[Saved entries]:

*** Begin section ***

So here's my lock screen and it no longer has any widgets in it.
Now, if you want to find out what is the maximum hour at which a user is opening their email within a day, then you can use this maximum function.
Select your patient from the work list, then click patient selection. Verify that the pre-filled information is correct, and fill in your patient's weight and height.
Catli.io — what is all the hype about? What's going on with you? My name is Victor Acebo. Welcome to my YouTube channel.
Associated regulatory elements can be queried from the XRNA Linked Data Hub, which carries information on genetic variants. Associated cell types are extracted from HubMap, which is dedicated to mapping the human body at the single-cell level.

*** End section ***
*** Begin section ***

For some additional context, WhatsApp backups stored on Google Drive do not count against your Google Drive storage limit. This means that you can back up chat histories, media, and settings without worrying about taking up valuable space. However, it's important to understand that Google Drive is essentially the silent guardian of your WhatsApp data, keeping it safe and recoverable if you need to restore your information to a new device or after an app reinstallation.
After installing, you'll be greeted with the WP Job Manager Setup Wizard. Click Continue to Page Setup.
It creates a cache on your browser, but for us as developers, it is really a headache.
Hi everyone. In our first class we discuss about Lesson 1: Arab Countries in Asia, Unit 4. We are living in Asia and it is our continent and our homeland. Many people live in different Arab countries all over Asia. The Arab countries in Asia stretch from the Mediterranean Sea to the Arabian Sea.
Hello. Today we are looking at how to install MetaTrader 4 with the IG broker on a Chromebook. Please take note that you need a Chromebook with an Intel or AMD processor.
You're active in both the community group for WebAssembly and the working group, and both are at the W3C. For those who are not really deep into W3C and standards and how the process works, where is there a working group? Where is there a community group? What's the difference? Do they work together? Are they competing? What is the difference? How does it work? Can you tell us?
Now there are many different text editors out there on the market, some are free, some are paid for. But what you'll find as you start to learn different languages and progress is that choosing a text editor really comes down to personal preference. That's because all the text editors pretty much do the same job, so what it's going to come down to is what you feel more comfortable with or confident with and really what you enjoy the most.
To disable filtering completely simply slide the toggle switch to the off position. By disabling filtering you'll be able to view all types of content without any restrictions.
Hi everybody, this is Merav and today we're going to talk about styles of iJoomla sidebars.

*** End section ***
*** Begin section ***

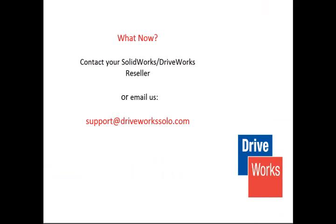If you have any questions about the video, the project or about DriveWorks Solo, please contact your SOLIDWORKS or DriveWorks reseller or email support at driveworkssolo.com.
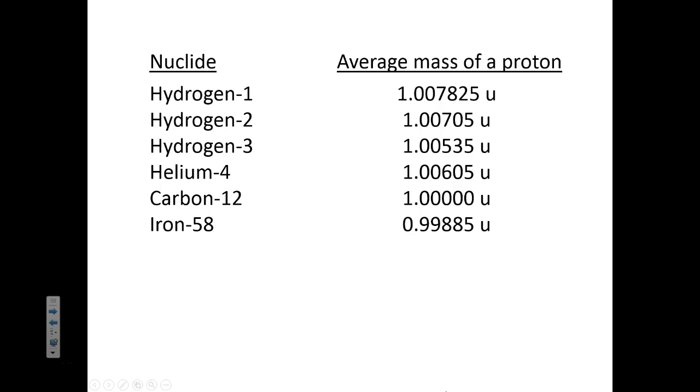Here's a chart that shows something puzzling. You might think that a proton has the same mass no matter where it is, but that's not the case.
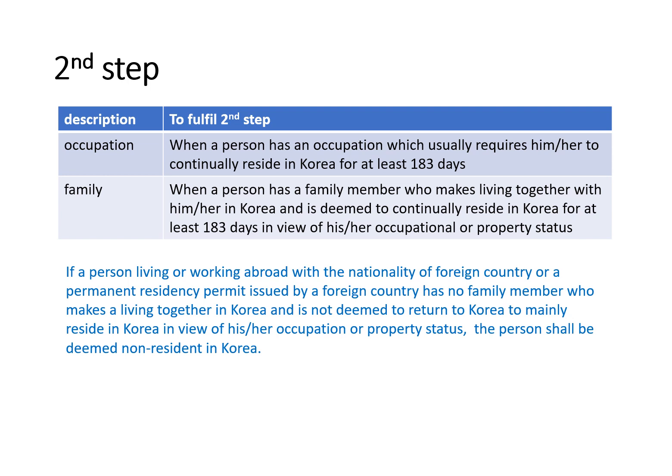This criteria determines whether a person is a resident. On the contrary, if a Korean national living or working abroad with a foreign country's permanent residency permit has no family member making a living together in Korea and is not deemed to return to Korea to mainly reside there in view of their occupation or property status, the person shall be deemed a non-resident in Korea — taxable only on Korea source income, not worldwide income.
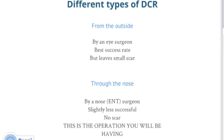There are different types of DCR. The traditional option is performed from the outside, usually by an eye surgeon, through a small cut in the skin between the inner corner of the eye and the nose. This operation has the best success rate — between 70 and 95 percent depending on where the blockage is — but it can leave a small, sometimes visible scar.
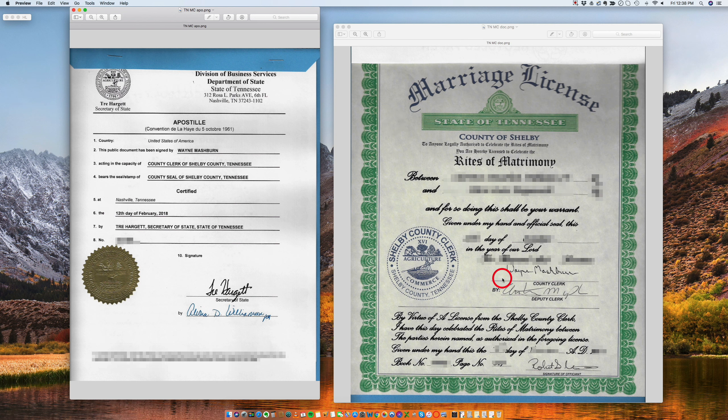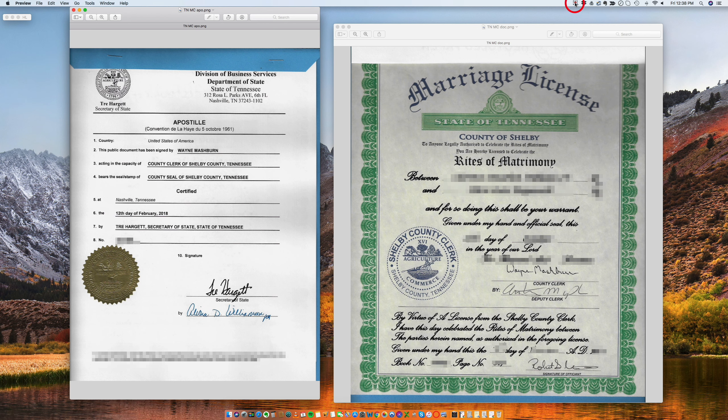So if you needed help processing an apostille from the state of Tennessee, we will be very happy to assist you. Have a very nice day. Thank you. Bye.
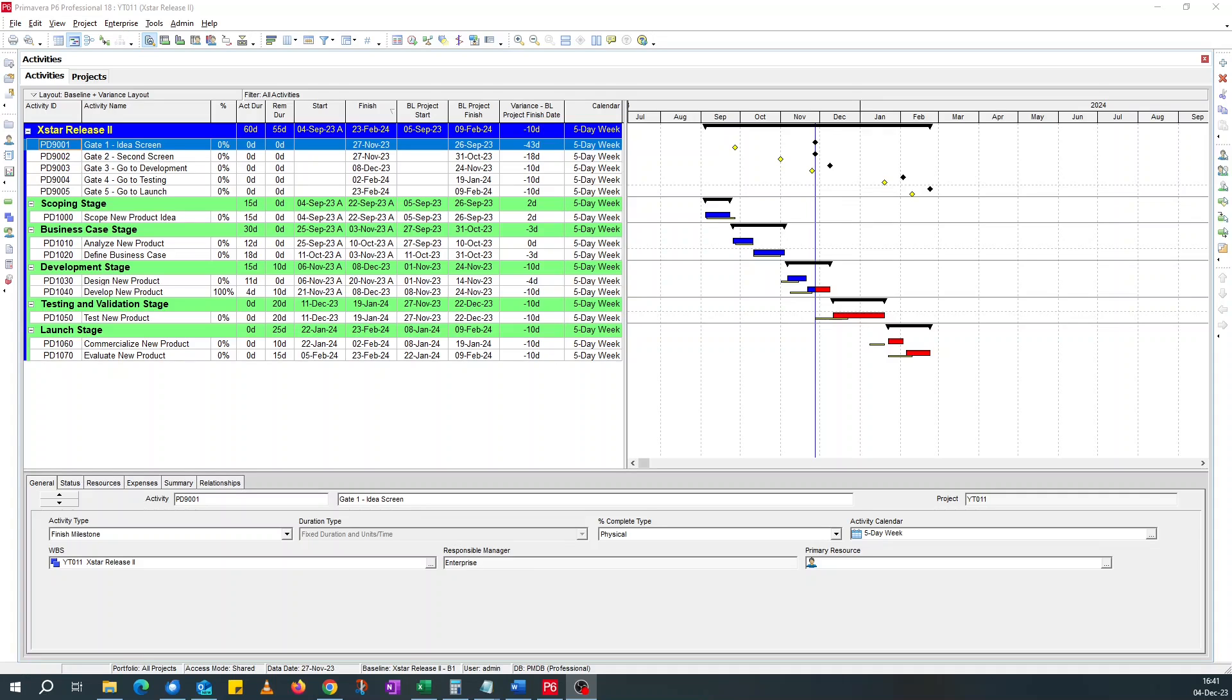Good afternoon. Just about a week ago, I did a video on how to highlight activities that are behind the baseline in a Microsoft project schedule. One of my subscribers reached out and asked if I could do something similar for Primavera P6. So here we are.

*** End section ***

[Exercise requirements]: Where a line of the records has the string "then", return that line.

[Exercise result]:
Now, if you want to find out what is the maximum hour at which a user is opening their email within a day, then you can use this maximum function.
Select your patient from the work list, then click patient selection. Verify that the pre-filled information is correct, and fill in your patient's weight and height.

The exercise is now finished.